DATA FOR THIS TASK:
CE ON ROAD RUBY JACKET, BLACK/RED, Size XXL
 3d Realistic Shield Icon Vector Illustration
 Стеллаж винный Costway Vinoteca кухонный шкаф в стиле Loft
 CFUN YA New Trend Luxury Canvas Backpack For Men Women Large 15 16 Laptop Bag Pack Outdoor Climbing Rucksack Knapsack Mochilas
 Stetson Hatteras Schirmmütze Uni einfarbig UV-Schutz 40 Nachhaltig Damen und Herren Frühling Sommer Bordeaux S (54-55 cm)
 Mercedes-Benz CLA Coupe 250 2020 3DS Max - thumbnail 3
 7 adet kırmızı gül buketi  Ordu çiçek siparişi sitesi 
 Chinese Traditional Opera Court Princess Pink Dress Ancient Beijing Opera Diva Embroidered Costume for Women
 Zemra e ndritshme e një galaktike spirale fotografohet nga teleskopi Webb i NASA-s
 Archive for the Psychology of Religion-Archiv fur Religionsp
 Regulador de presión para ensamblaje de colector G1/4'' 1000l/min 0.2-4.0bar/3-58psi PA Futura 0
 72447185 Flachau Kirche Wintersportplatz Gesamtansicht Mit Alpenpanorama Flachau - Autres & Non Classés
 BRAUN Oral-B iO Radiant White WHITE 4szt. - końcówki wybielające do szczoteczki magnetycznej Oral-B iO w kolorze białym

...

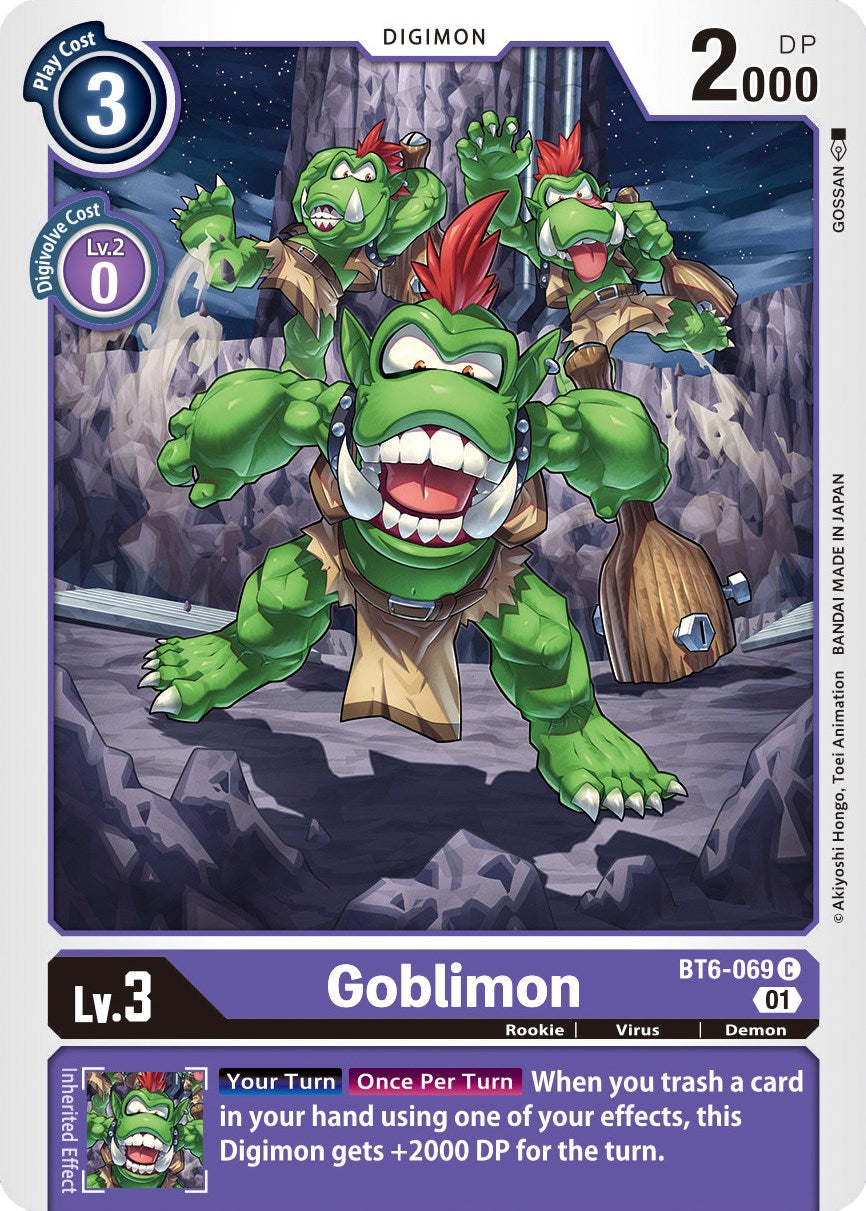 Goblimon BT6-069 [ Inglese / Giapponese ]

THE PROBLEM:
All lines above from the one containing "Stetson Hatteras Schirmmütze" to the one containing "72447185 Flachau Kirche" must be repeated exactly, both lines included, and no others.

SOLVED EXERCISE:
 Stetson Hatteras Schirmmütze Uni einfarbig UV-Schutz 40 Nachhaltig Damen und Herren Frühling Sommer Bordeaux S (54-55 cm)
 Mercedes-Benz CLA Coupe 250 2020 3DS Max - thumbnail 3
 7 adet kırmızı gül buketi  Ordu çiçek siparişi sitesi 
 Chinese Traditional Opera Court Princess Pink Dress Ancient Beijing Opera Diva Embroidered Costume for Women
 Zemra e ndritshme e një galaktike spirale fotografohet nga teleskopi Webb i NASA-s
 Archive for the Psychology of Religion-Archiv fur Religionsp
 Regulador de presión para ensamblaje de colector G1/4'' 1000l/min 0.2-4.0bar/3-58psi PA Futura 0
 72447185 Flachau Kirche Wintersportplatz Gesamtansicht Mit Alpenpanorama Flachau - Autres & Non Classés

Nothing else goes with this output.